### Task goal
Copy out exactly the lines beginning with the one that contains "I started a" and ending at the last line of the listing, skipping any pictures.

### Information supplied
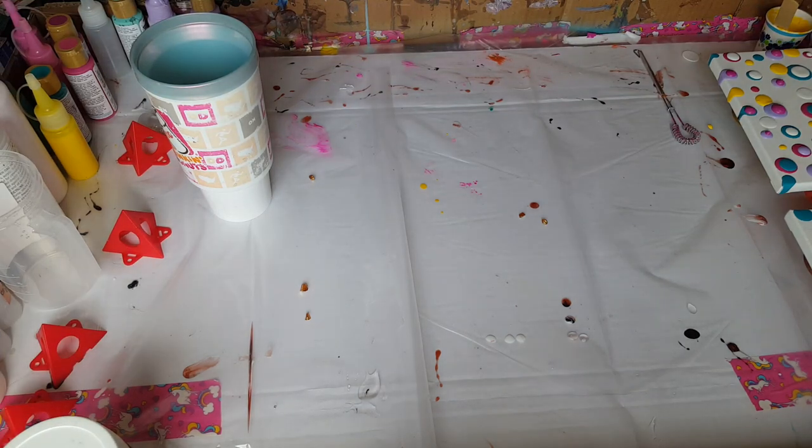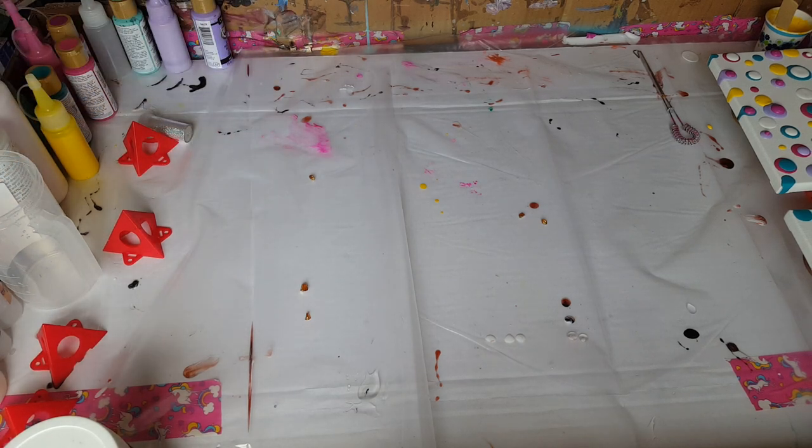Hey guys, I'm back with another video. I am super excited about a couple of things. First off, I just finished a new piece with my new Larez colors I received, so I am excited to post that video. And secondly, I am finally able to do a project that I've been wanting to do forever.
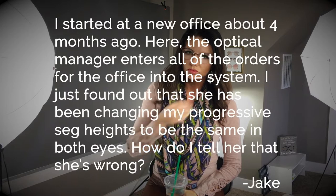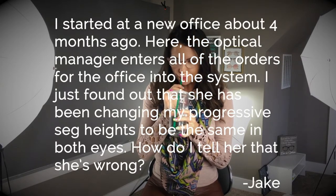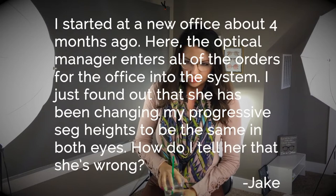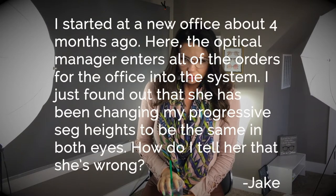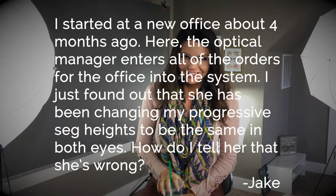I started a new office about four months ago. The optical manager enters all of the orders for the office into the system. I just found out that she has been changing my progressive seg heights to be the same in both eyes. How do I tell her she's wrong?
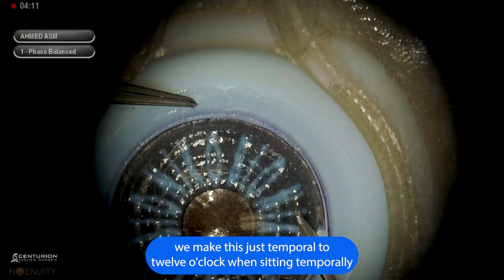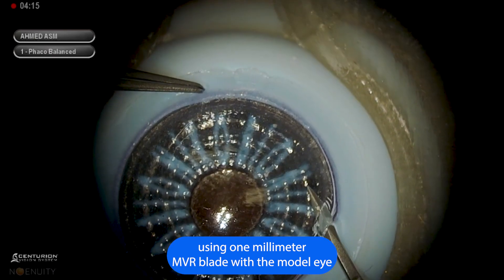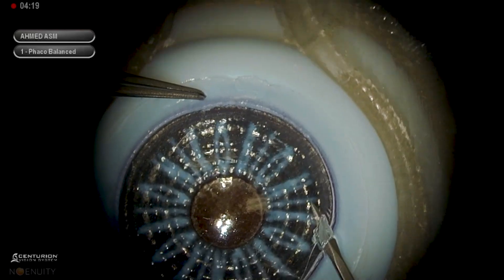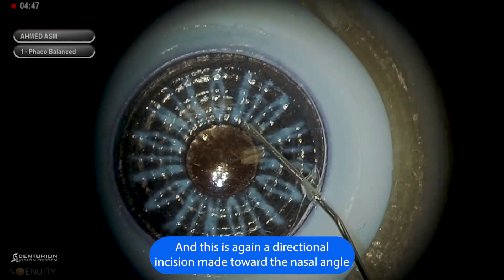We make this just temporal to 12 o'clock here, sitting temporally using a one millimeter MBR blade with the model eye. We make the incision a bit larger than we normally would in the human eye just to facilitate entrance, and this is again a directional incision made toward the nasal angle.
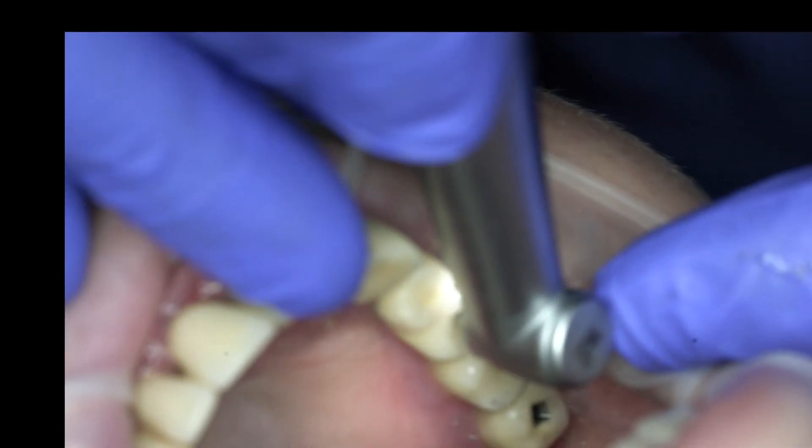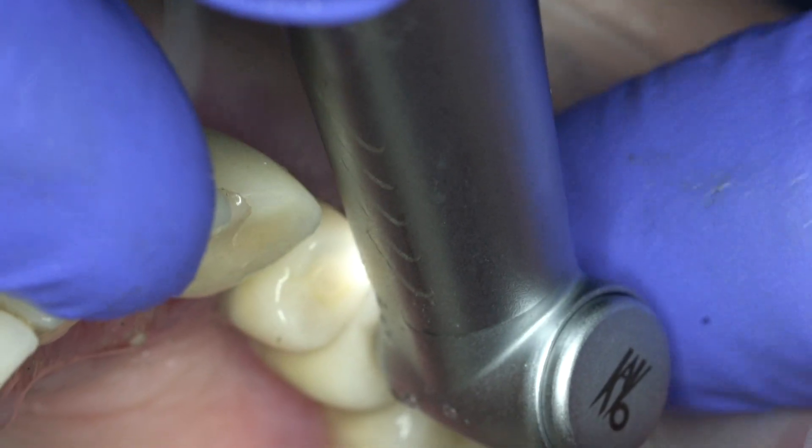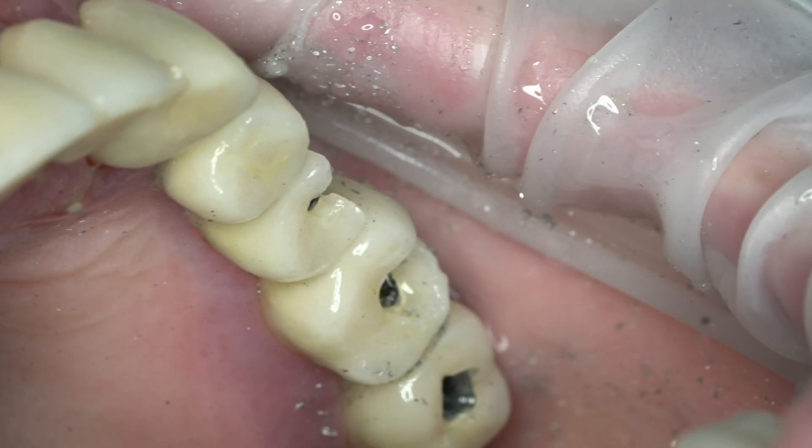In such a situation, it is necessary to divert the drilling to the vestibular surface and drill out an even larger volume of material, which often leads to significant chips of the ceramic.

### Task output
I started a new office about four months ago. The optical manager enters all of the orders for the office into the system. I just found out that she has been changing my progressive seg heights to be the same in both eyes. How do I tell her she's wrong?
We make this just temporal to 12 o'clock here, sitting temporally using a one millimeter MBR blade with the model eye. We make the incision a bit larger than we normally would in the human eye just to facilitate entrance, and this is again a directional incision made toward the nasal angle.
In such a situation, it is necessary to divert the drilling to the vestibular surface and drill out an even larger volume of material, which often leads to significant chips of the ceramic.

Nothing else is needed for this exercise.